Now they just need to make a space for ShopRite.

City construction permits show the first commercial tenant has been lined up for the opening-soon Capitol Hilltop mixed-use building on 15th Ave E. Rudy’s Barbershop, about to be displaced by another development from Hunters Capital on the other side of the street, is making plans to join the five-story, nearly 70-unit mixed-use apartment building with underground parking for 21 vehicles that has reshaped the corner of Capitol Hill’s 15th and Mercer where the old Hilltop Service Station used to stand.

The short move up the street into a new 1,100-square-foot barbershop ten barber stations, two hairwash sinks, and a new waiting and retail area will help add some stability to the street’s coming changes.

Rudy’s current 15th Ave E location is set to be demolished to make way for a coming mixed-use project that will also replace the street’s shuttered QFC grocery.
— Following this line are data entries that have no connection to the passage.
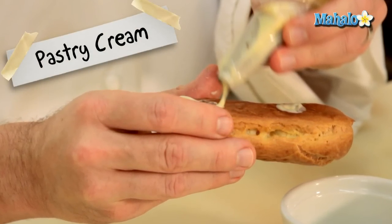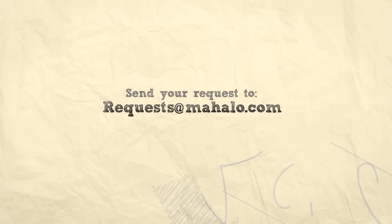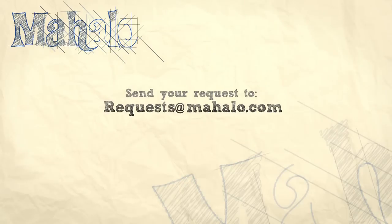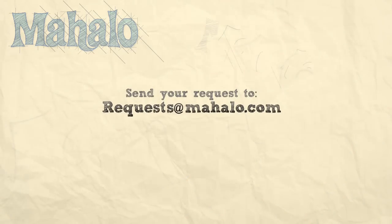And that's how that's done. Thanks for watching. Be sure to click on other links so you can get other recipes. If you don't see something that interests you, email a request to requests at Mahalo.com. Also be sure to subscribe so you can get lots of wonderful additional information. Thanks and I'll see you soon.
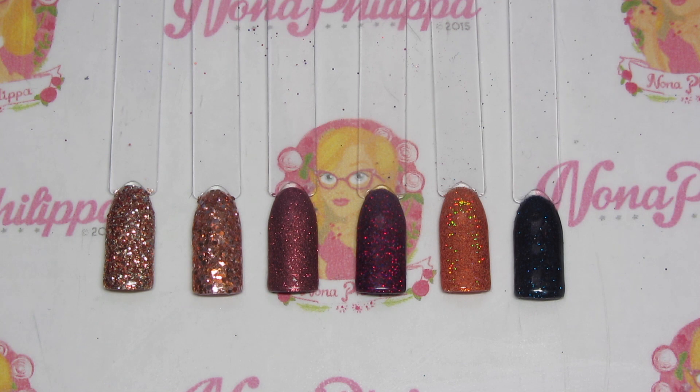I've already used every single color with all of my clients because they're absolutely in love with it — it's definitely a good way to start off October. I hope you liked this swatch and review video. I'll leave Magpie's link down below, and also links for my sprinkling, burnishing, and dabbing videos so you can see how I apply the glitters. Please like and subscribe to my channel and I'll see you all again soon — bye!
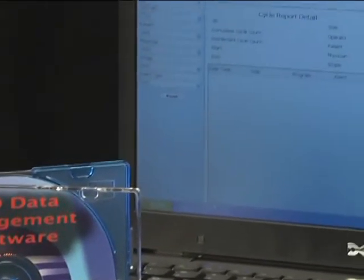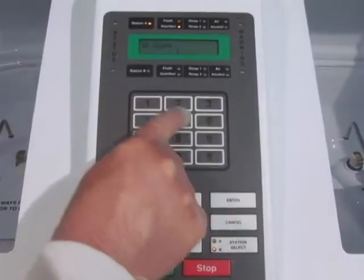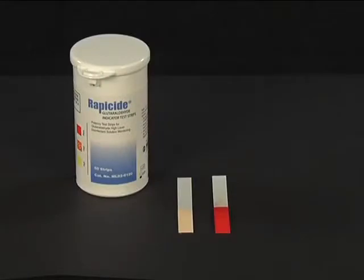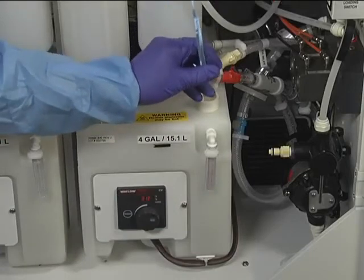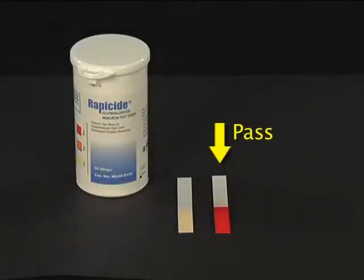If using DSD data management, the same data must be entered as for the printer. Use the numeric keypad to enter the appropriate ID data. Press the Start key. DSD-201 units purchased after June 2008 or older units with software version 7.0 will prompt you 'HLD test pass'; prior versions of software will prompt 'LCG test pass.' The disinfectant in the reservoir should be checked prior to each reprocessing cycle. If the test strip indicates a pass, press Enter to begin the cycle.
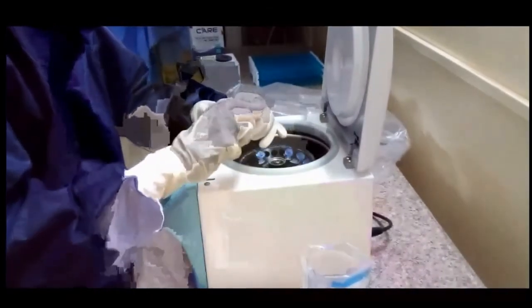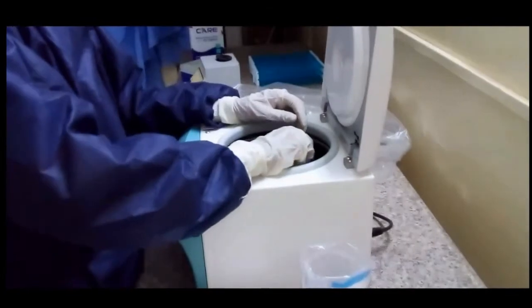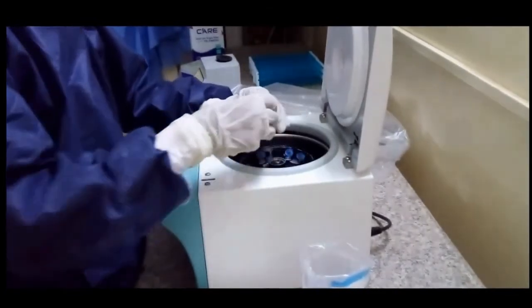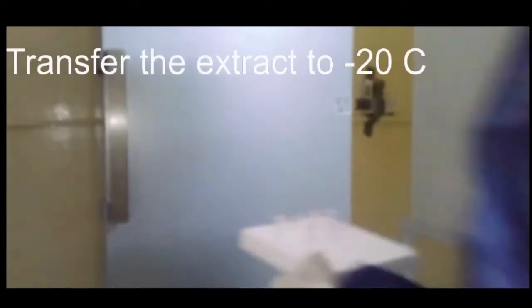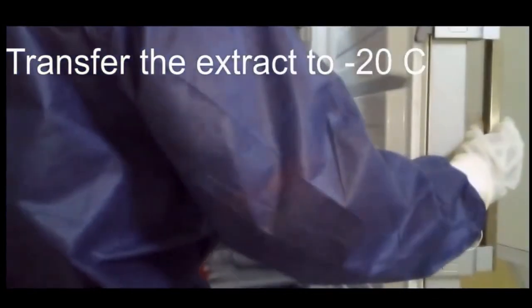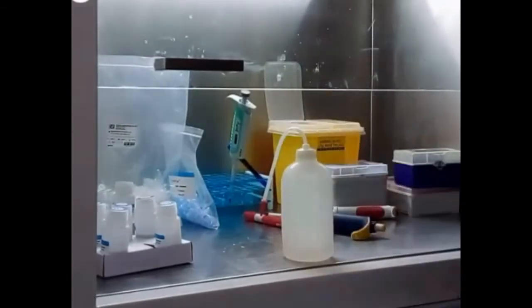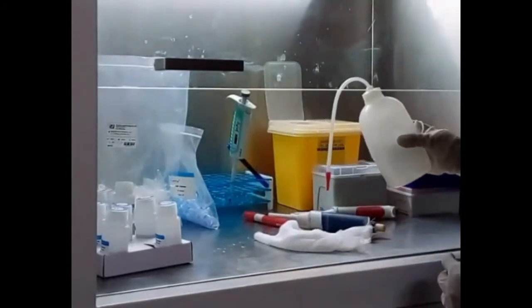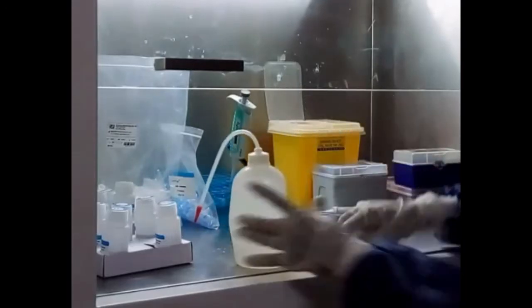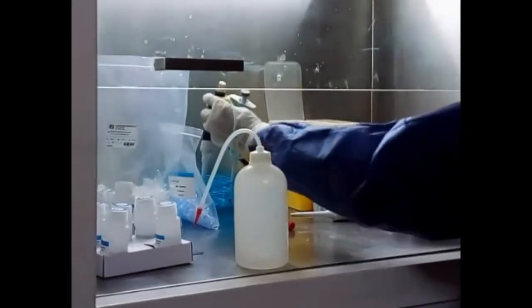Here is the extract. Let the extract cool at minus 20 degrees Celsius. Then bleach the cabinet.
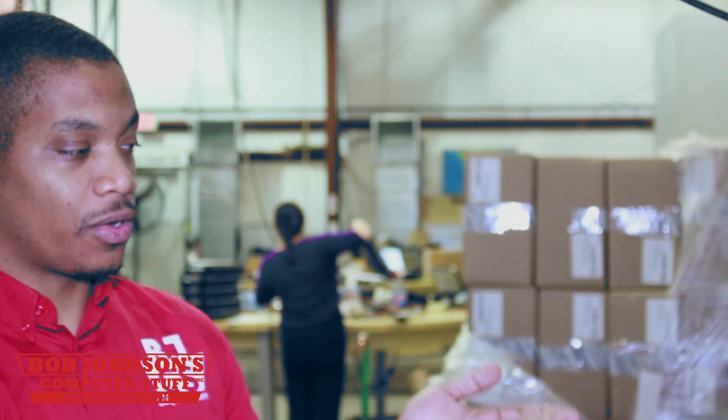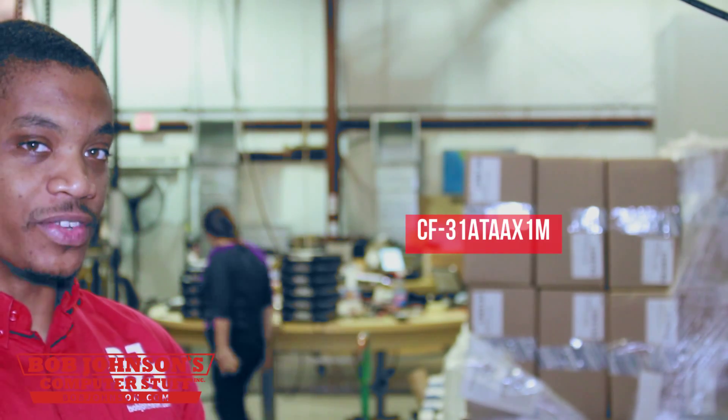The Panasonic Toughbook CF-31 is Panasonic's flagship fully rugged computer and currently holds the title of the most rugged computer in the world. The Panasonic Toughbook CF-31 model number that we are going to be using is located right here on the right side of your screen. So, we are going to get right into this step-by-step tutorial of showing you how to reset your hard drive.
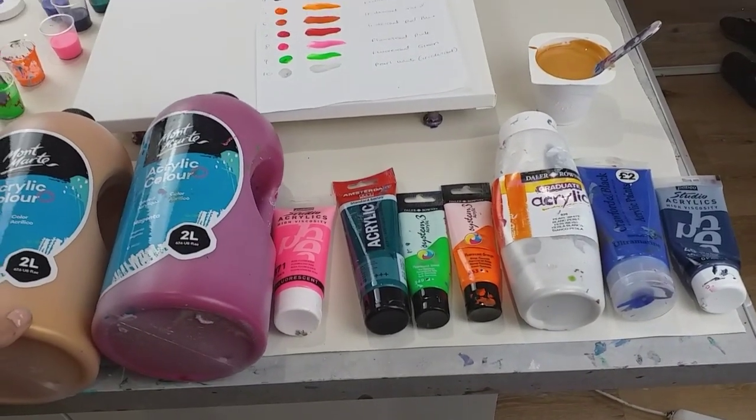Hi everybody, welcome back, thank you for joining me. My name is Claire and I have got my biggest ever commission coming up — a four foot by six foot piece, the biggest I've ever done. I'm going to do a practice, maybe a few practices, because I want to test out the different colors the customer would like. She would like a gold base and some fluorescent colors, based on a painting I did back in 2020 which was a blue base with fluorescent colors.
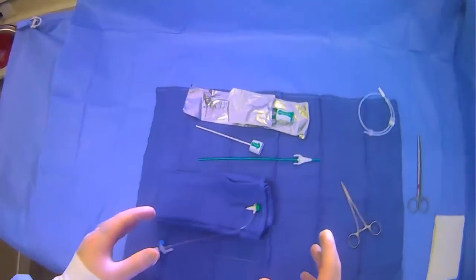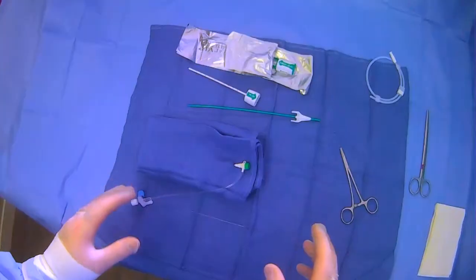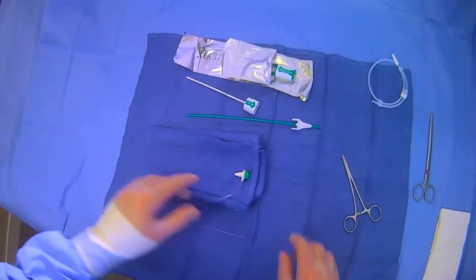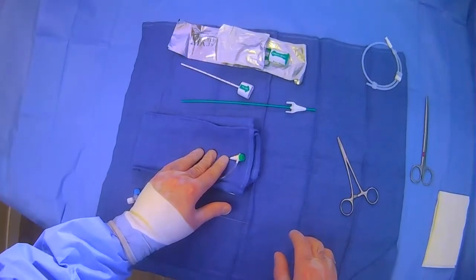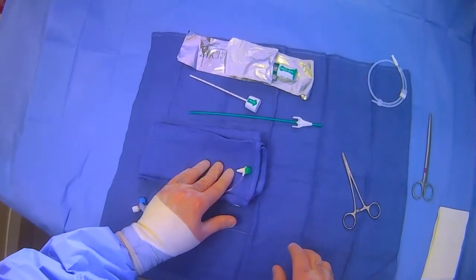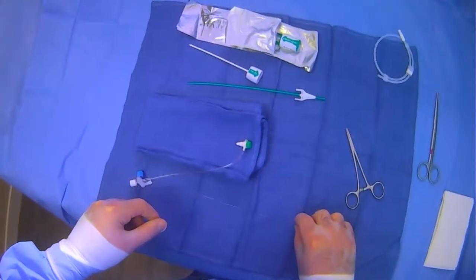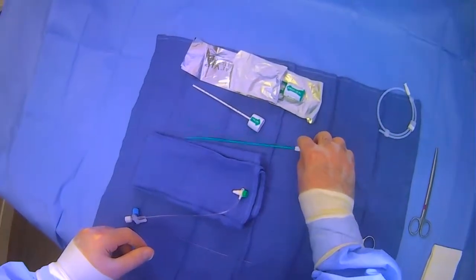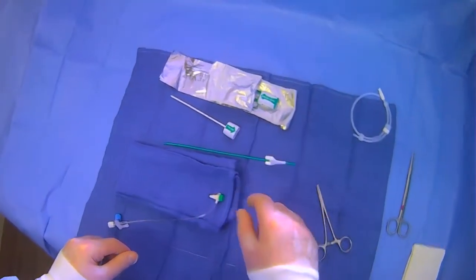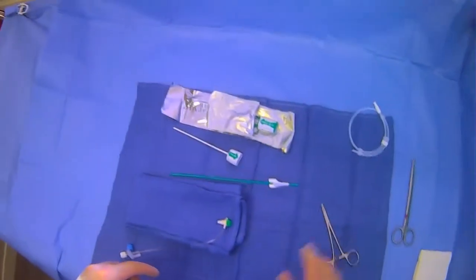Now we're going to go over how to use the angioseal device in a practical scenario. For our demonstration, let's pretend that this is our femoral artery access sheath. We have our angioseal device here, we have the wire, we have the introducer and the stylet that we'll put together, we have the actual angioseal, and we have scissors for cutting later.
A design rendering of the project

That Hunters Capital project is making its way through the city’s public design and permitting process including a meeting last week to collect feedback on a request from the developer to build a story higher than allowed zoning due to the required preservation of a prized European hornbeam tree and a desire to more elegantly transition the building’s look and feel to connect with the single-family zoned areas to the north and east. There is no schedule, yet, for the demolition and construction to begin.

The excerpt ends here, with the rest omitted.